The trade skills involved in parquet — precision layout, adhesive selection, sanding without creating a wavy or ridged surface, and applying a durable finish — are distinct from general carpentry. Most successful parquet installers have spent significant time working alongside an experienced fitter before working alone. Sanding is particularly unforgiving: a floor sanded unevenly with the wrong grit or pressure combination can have a rippled surface visible in raking light that is impossible to correct without starting over.

Key Facts

  • Block sizes — Traditional: 50×200mm, 70×230mm. Victorian reclaimed: various, often 57×228mm or similar imperial sizes
  • Block thickness — Typically 20–22mm for new and reclaimed. Engineered parquet blocks can be thinner (14–16mm)
  • Moisture content of wood — Must be 8–12% for site-laid solid wood.
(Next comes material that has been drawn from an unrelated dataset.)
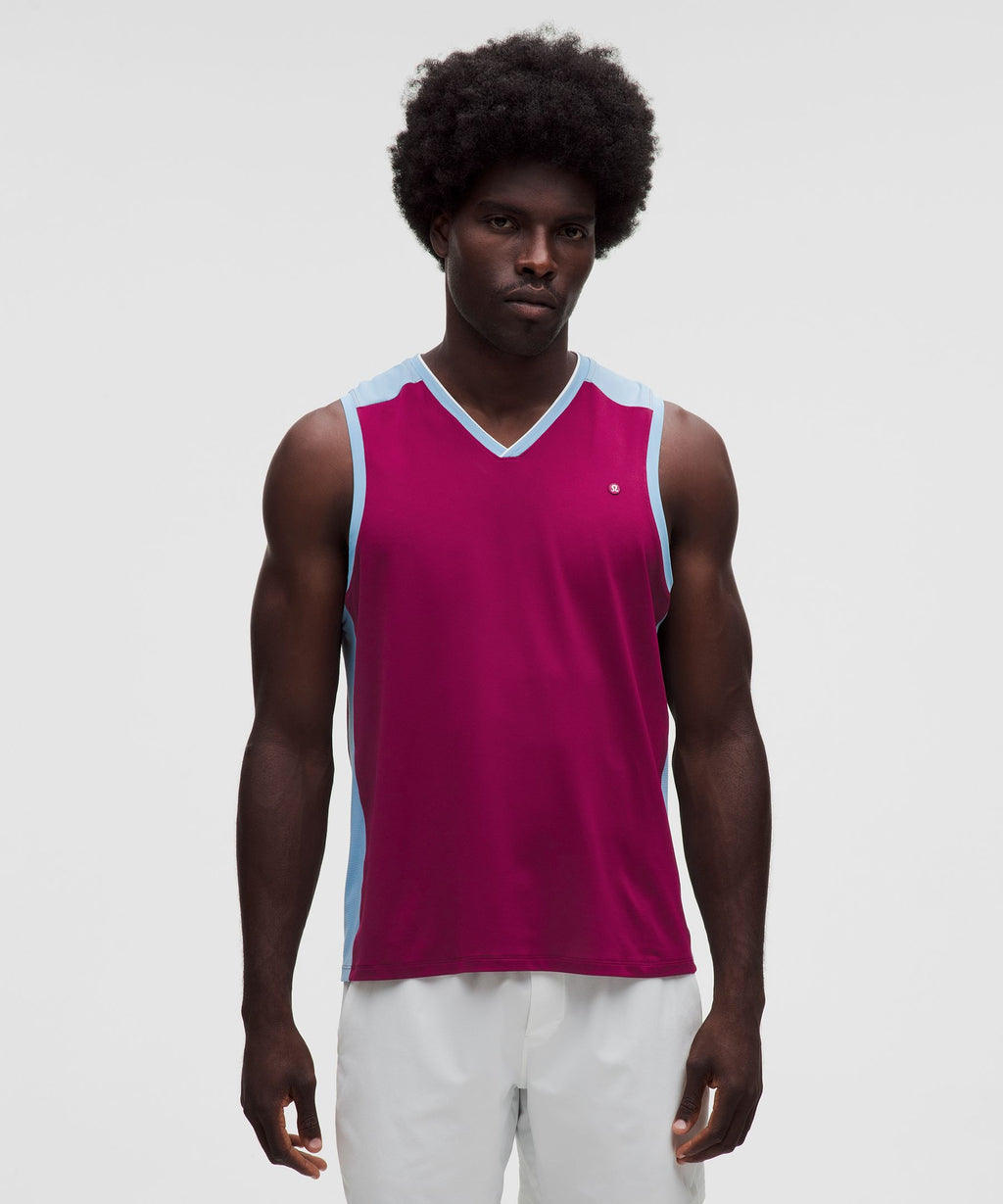 Pique Mesh-Panel Sleeveless Tennis Shirt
Measure with a pin moisture meter
  • Concrete moisture — Below 75% RH (test with hygrometer minimum 72 hours)
  • Adhesive options — Bitumen mastic (traditional, black, flexible), polyurethane (modern, strong), MS polymer (good adhesion, low VOC)
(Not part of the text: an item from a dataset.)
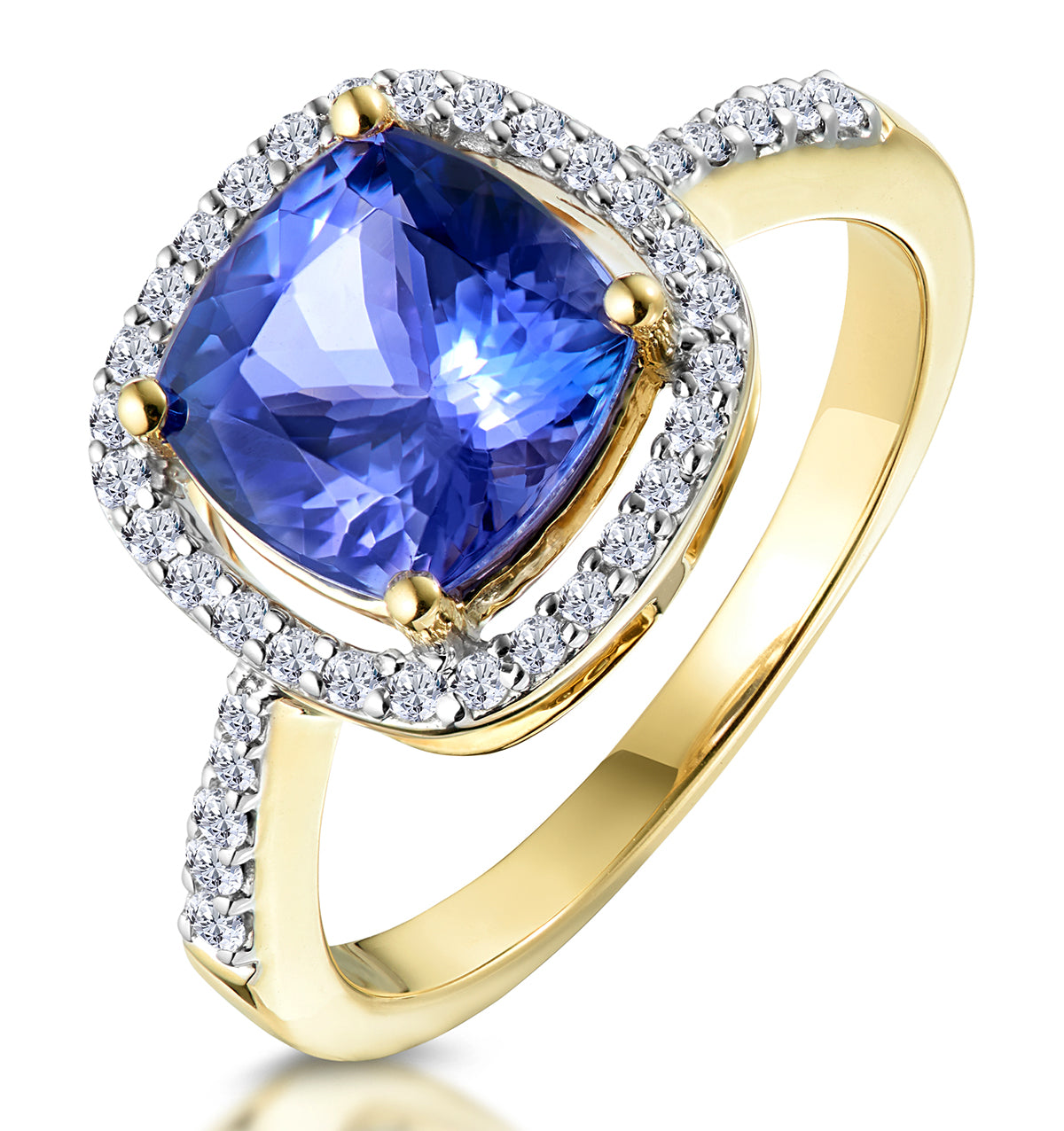 2ct Tanzanite and Diamond Shoulders Asteria Ring in 18K Gold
  • Herringbone layout — Establish a true centre line. Set out in a dry run (no adhesive) before committing. Proportion of border tiles planned
  • Chevron vs herringbone — Herringbone: blocks at 90° to each other. Chevron: blocks cut at a mitre (typically 45°) to meet at a point
  • Sanding sequence — 36 grit (coarse) across the grain first, then 60 grit diagonal, then 80 grit along the grain. Final finish with 100–120 grit
  • Drum vs belt vs orbital — Drum sander for main area (fastest material removal). Belt sander for edges. Orbital (random orbit) for final finish pass
  • Finish types — Hardwax oil (penetrating, easy repair, lower build), lacquer/polyurethane (surface coat, harder, better wear), stain under hardwax oil
  • Hardwax oil coats — Typically 2–3 coats. Allow each coat to cure per manufacturer's instructions (typically 12–24 hours)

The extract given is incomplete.